Suppose you're at the stage of life where you're ready to retire, and you want your income to be truly passive. That is, you're not looking for great deals like Brandon on his sixth frappuccino every day; you want to lay on a beach and forget about it.
The trouble here is that it's hard to average over 10% net ROI (after taxes) when you're truly passive. Unleveraged real-estate generally rents for less than 10% of value, and then there's management fees, repairs, and taxes to consider. Leveraging means that most of your gains are in equity, not cash flow, with cash flow being far below 10% of equity.
Usually when people build a lot of equity here, they talk about selling, 1031s, etc. But why not simply do cash-out refis? I'm imagining a strategy where you refi upwards every year, extracting equity, and this basically causes your loan payments to keep pace with annually rising rent payments.

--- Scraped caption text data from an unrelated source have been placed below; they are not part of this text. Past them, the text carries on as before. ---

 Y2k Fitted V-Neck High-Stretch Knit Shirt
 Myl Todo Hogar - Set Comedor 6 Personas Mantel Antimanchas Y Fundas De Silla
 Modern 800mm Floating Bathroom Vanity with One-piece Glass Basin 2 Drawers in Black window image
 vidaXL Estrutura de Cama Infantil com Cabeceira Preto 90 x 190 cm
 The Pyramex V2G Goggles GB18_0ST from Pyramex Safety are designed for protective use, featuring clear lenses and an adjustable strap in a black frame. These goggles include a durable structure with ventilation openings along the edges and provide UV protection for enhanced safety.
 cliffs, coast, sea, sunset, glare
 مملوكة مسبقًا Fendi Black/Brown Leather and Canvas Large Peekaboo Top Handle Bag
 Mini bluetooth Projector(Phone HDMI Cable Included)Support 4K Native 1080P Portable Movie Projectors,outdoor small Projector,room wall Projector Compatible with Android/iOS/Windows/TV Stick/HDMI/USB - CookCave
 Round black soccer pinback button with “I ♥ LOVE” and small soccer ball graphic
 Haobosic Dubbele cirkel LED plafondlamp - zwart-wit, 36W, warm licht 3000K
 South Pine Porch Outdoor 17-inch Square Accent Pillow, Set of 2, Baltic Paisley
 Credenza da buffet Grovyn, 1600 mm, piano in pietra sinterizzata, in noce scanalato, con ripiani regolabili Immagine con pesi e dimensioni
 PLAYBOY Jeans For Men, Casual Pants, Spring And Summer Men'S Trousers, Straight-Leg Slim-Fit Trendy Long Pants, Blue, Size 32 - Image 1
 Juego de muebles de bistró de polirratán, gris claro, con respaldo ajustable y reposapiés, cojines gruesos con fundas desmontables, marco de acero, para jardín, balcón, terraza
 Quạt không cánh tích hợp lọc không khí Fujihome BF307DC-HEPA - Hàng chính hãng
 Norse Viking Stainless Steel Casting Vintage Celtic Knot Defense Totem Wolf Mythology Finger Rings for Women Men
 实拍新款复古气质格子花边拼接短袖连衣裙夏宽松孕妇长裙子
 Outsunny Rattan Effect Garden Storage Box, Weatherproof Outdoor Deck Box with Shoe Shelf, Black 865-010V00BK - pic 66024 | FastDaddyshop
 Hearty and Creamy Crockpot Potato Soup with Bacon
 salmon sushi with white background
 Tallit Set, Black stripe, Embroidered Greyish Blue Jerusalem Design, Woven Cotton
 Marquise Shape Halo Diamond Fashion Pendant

Conservatively, suppose your lenders require 25% down/equity, and your property appreciates at 4%/year. This means that the annual appreciation is 16% of your equity. You refi back to 25% at the end of each year, extracting an amount equal to 12% of your original equity. The refi fees roughly cancel out the principal payments you made over the course of that year. The mortgage payments increase as a result of your cash-out refi, but your rent also increases slightly each year, canceling out again.
Your cash flow, then, is 12% of equity COMPLETELY TAX FREE since you're increasing your debt along with it, plus whatever rent cash flow you might be making, which is probably small since your mortgages are substantial. And you get this without doing any work besides the refis once a year.
Ok, somebody shoot holes in this please.